=== Section Start ===

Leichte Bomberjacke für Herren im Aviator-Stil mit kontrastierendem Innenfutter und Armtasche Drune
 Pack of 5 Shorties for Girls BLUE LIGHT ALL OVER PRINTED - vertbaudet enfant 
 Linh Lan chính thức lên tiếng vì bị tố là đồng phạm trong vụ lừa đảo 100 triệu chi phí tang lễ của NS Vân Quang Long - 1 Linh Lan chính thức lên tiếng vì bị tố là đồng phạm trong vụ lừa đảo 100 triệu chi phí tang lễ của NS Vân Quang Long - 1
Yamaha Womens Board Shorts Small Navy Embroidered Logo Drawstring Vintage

=== Section End ===

• _TASK DIRECTIONS_
Without altering a single word, copy the listing above.

• _SOLUTION_
Leichte Bomberjacke für Herren im Aviator-Stil mit kontrastierendem Innenfutter und Armtasche Drune
 Pack of 5 Shorties for Girls BLUE LIGHT ALL OVER PRINTED - vertbaudet enfant 
 Linh Lan chính thức lên tiếng vì bị tố là đồng phạm trong vụ lừa đảo 100 triệu chi phí tang lễ của NS Vân Quang Long - 1 Linh Lan chính thức lên tiếng vì bị tố là đồng phạm trong vụ lừa đảo 100 triệu chi phí tang lễ của NS Vân Quang Long - 1
Yamaha Womens Board Shorts Small Navy Embroidered Logo Drawstring Vintage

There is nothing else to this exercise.